The world probably first heard Anna’s voice in 1858, but because records of children born into slavery were not well kept, we can’t be exactly sure. We do know that she was born in Raleigh, North Carolina. Anna was the daughter of Hannah Stanley, a slave of the Haywood family. She had two older brothers, Andrew and Rufus. Although she was born before President Abraham Lincoln issued the Emancipation Proclamation, Anna had no memories of her life as a slave. Hannah Stanley taught Anna the importance of using her “voice” to support her family and the black community.
In 1867, the Episcopal Church and Freedman’s Bureau built St. Augustine’s Normal School and Collegiate Institute on land owned by the Haywood family. St. Augustine’s educated freed slaves and their families. In 1868, Anna received a scholarship to become one of the school’s first students. There she developed a love for learning that would stay with her the rest of her life. When she was very young, Anna decided that she wanted to be a teacher who encouraged all children to learn. She earned part of her tuition by tutoring her classmates.

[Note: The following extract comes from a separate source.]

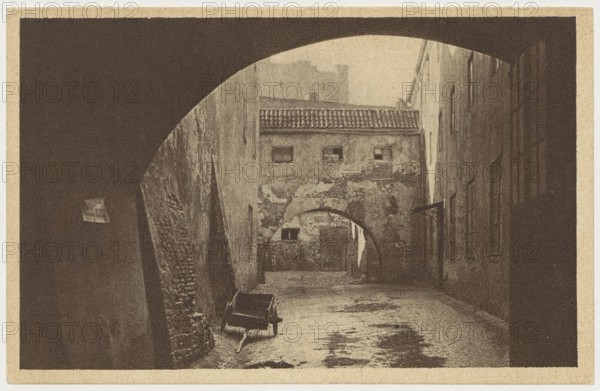 Warsaw. Old Town - Piwna Street, St. Adalbert's Printing and Bookstore; co-creator Bulhak, Jan 1876–1950, photographer; publisher Polish Society of Railway Bookstores Ruch, Warsaw; ca. 1930; postcard; 9 cm x 14 cm, A sepia-toned view of a narrow alley seen through a large archway, with textured walls on either side and a smaller arch further down leading to a walled building with a tiled roof; a simple wooden cart sits near the left wall in the foreground on a rough, patchy ground, and the scene features a range of brown, tan, beige, and darker brown tones throughout.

St. Augustine’s focused on preparing its male students for the ministry or higher education. Because the administrators believed that women went to school to find a husband, female students could only take a series of basic classes known as the Ladies’ Course. This frustrated Anna, who longed for more challenging studies. “I constantly felt . . . a thumping from within unanswered by any beckoning from without,” she later said. She decided to raise her “voice” to fight for the right to take the same classes as the men.
While at St. Augustine’s, Anna took a Greek class taught by George A.C. Cooper, a former slave who was studying to become a minister. The two fell in love and were married on June 21, 1877, after Anna finished her studies at St. Augustine’s. On September 27, 1879, just two months after becoming the second black ordained minister in North Carolina’s Protestant Episcopal Church, George suddenly died. Anna said he died from working too hard. She never remarried.

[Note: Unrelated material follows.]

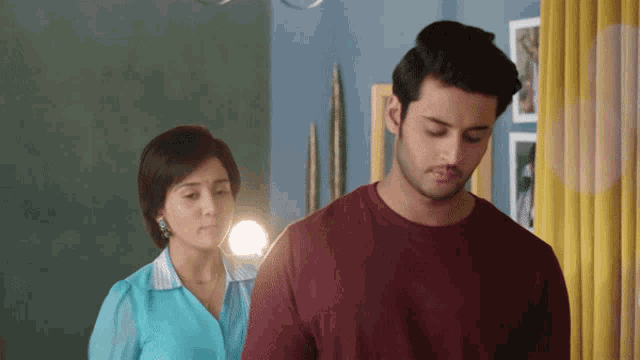 a man and a woman are standing next to each other in a room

In 1881, Mrs. Cooper started attending Ohio’s Oberlin College, one of the first co-educational institutions to admit both women and African Americans. She wrote letters to the school’s president for free tuition and a job so she could afford room and board. Among her classmates were Mary Eliza Church (Terrell) and Ida A. Gibbs (Hunt), future black leaders. All three women took classes in Latin, Greek, modern European languages, literature, philosophy, science, and mathematics.
After graduating with a bachelor’s degree in mathematics in 1884, Mrs. Cooper taught Greek, French literature, and science at Wilberforce University, a historically black school in Xenia, Ohio. Because she wanted to live closer to her mother, she returned to teach at St. Augustine’s in 1885. Two years later, Oberlin awarded her an honorary master’s degree.
In 1887, Mrs. Cooper was recruited to teach math and science at the Preparatory High School for Colored Youth in Washington, D.C., the nation’s largest high school for African Americans. This school was later known as M Street and today as Paul Laurence Dunbar High School. On January 1, 1902, Mrs. Cooper became the principal of M Street High School. She set high academic standards, hired capable teachers, and offered tutoring. She helped students believe that, regardless of their race or gender, they could achieve their dreams. While Mrs. Cooper was principal, many students at M Street earned scholarships to study at important institutions such as Harvard, Brown, Oberlin, Yale, Amherst, Dartmouth, and Radcliffe.
During this period, many Americans believed that blacks weren’t as smart as whites. Mrs. Cooper, W.E.B. Du Bois, and Booker T. Washington believed differently. Mr. Washington thought black students should take vocational education courses and work their way up through society starting as manual laborers. Mr. Du Bois believed that blacks should study the classics and become community leaders. Because Mrs. Cooper agreed with both men, she offered courses in the liberal arts plus vocational and industrial education. Because the D.C. Board of Education preferred Mr. Washington’s methods, it did not renew Mrs. Cooper’s contract. She stopped being a principal in June 1906. Then she taught languages at the Lincoln Institute in Jefferson City, Missouri, until 1910, when she was rehired to teach Latin at M Street High School.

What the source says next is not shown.